Il talento visivo di Flanagan si misura con il capolavoro di un maestro del cinema.

La recensione che segue la trovate anche sul mio blog.

 

Doctor Sleep è un’opera stretta tra influenze di spessore, differenti ed a tratti inconciliabili. Da una parte il gusto per la narrativa pura e fantastica di Stephen King, dall’altra l’iconografia cult dello Shining di Stanley Kubrick; lì in mezzo si ritrova Mike Flanagan, nome di minor richiamo ma provvisto comunque d’invidiabile talento, padre del buon Il gioco di Gerald e del capolavoro Hill House.

 

Prendendo in mano la storia di Dan Torrance, figlio del mitico personaggio che fu interpretato da Jack Nicholson, il regista cerca di ibridare la didascalica messa in scena del romanzo originale con la propria poetica romantica, verseggiata da una filmografia horror nella quale demoni e presenze oscure sono i riflessi di traumi irrisolti. Il risultato è uno spettacolo a tratti prolisso, ma che Flanagan tiene in piedi dandogli ritmo e trovando molti spunti visivi interessanti.
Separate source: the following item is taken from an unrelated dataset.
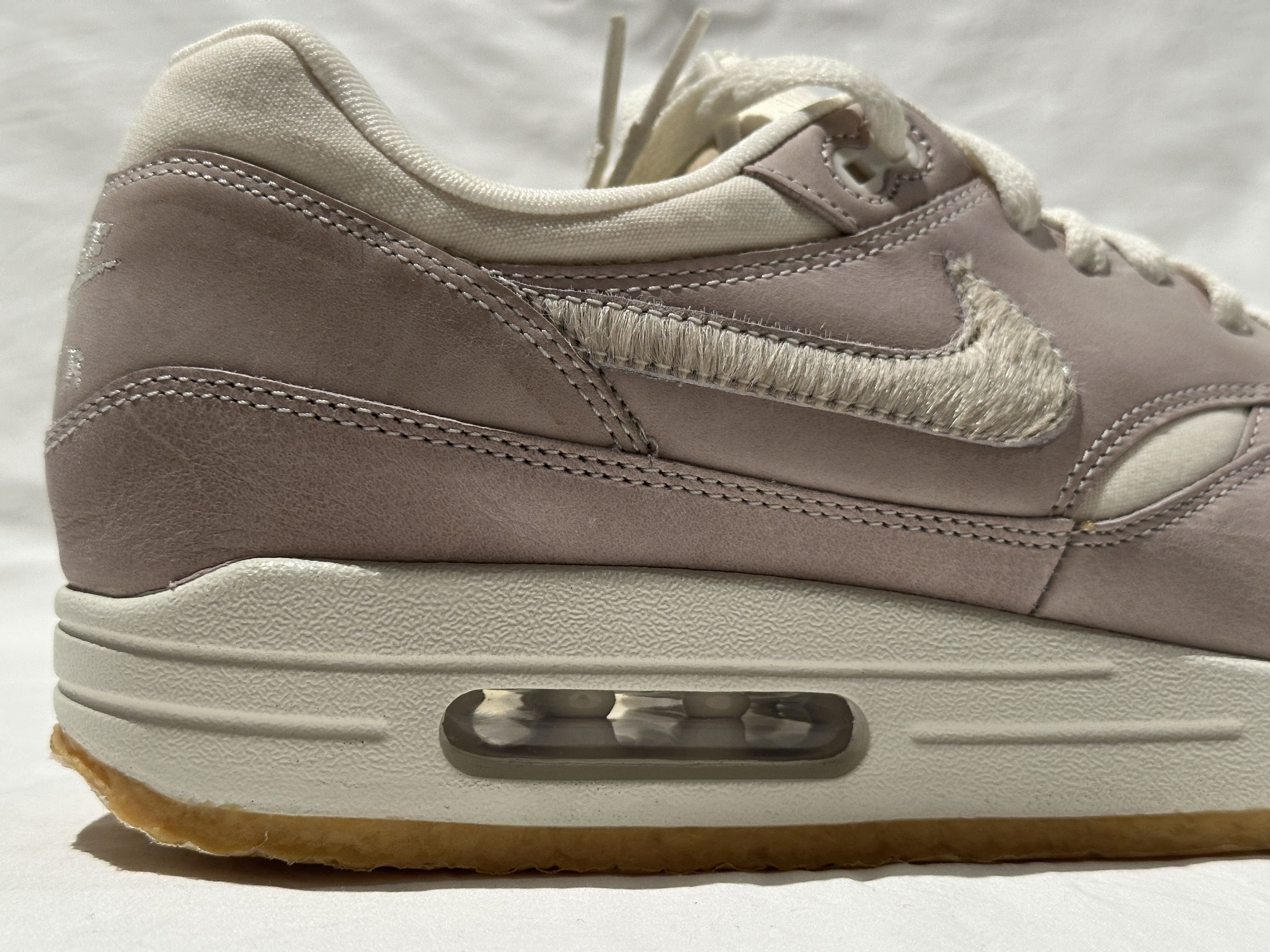 Nike BRAND NEW NIKE AIR MAX 1 PRM QS 'WHITE CREPE' GUM SOLE SZ 11 Size US 11 / EU 44 - 3 Thumbnail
Il rischio del ridicolo era dietro l’angolo, vista anche una trama che, a conti fatti, racconta di un gruppo di creature umanoidi, un po’ zingari un po’ hippie senza dottrina, che si aggirano per gli Stati Uniti in cerca di bambini ai quali succhiare la luccicanza (lo shining, appunto); invece, questi villain si rivelano una delle componenti più intriganti della pellicola, grazie alla capacità dell’autore di permearli di un’atmosfera al confine tra il misticismo ed il conturbante e, soprattutto, alla straordinaria prova attoriale della loro leader, Rebecca Ferguson.

 

Purtroppo, causa anche un’impronta visiva più elegante che violenta, Doctor Sleep non spaventa: più che di horror, si potrebbe parlare di un urban fantasy dalle tinte orrorifiche; la messinscena di Flanagan è suggestiva, salvo poi scivolare più volte in una chiusura troppo esplicita nel citare il prestigioso predecessore, tanto pedante da mettere in dubbio l’intelligenza dello spettatore, che tali accostamenti è in grado di farli senza che il film debba denudare svergognatamente le proprie intenzioni. È infatti nell’inevitabile confronto finale che l’opera di Flanagan cade, schiacciata da suo stesso complesso d’inferiorità nei confronti di un pezzo di storia del cinema che prova a riportare in vita, addentrandosi nel silenzio ieratico dell’Overlook Hotel, ma trovandovi solo incertezza tra gli spettri di un grande passato.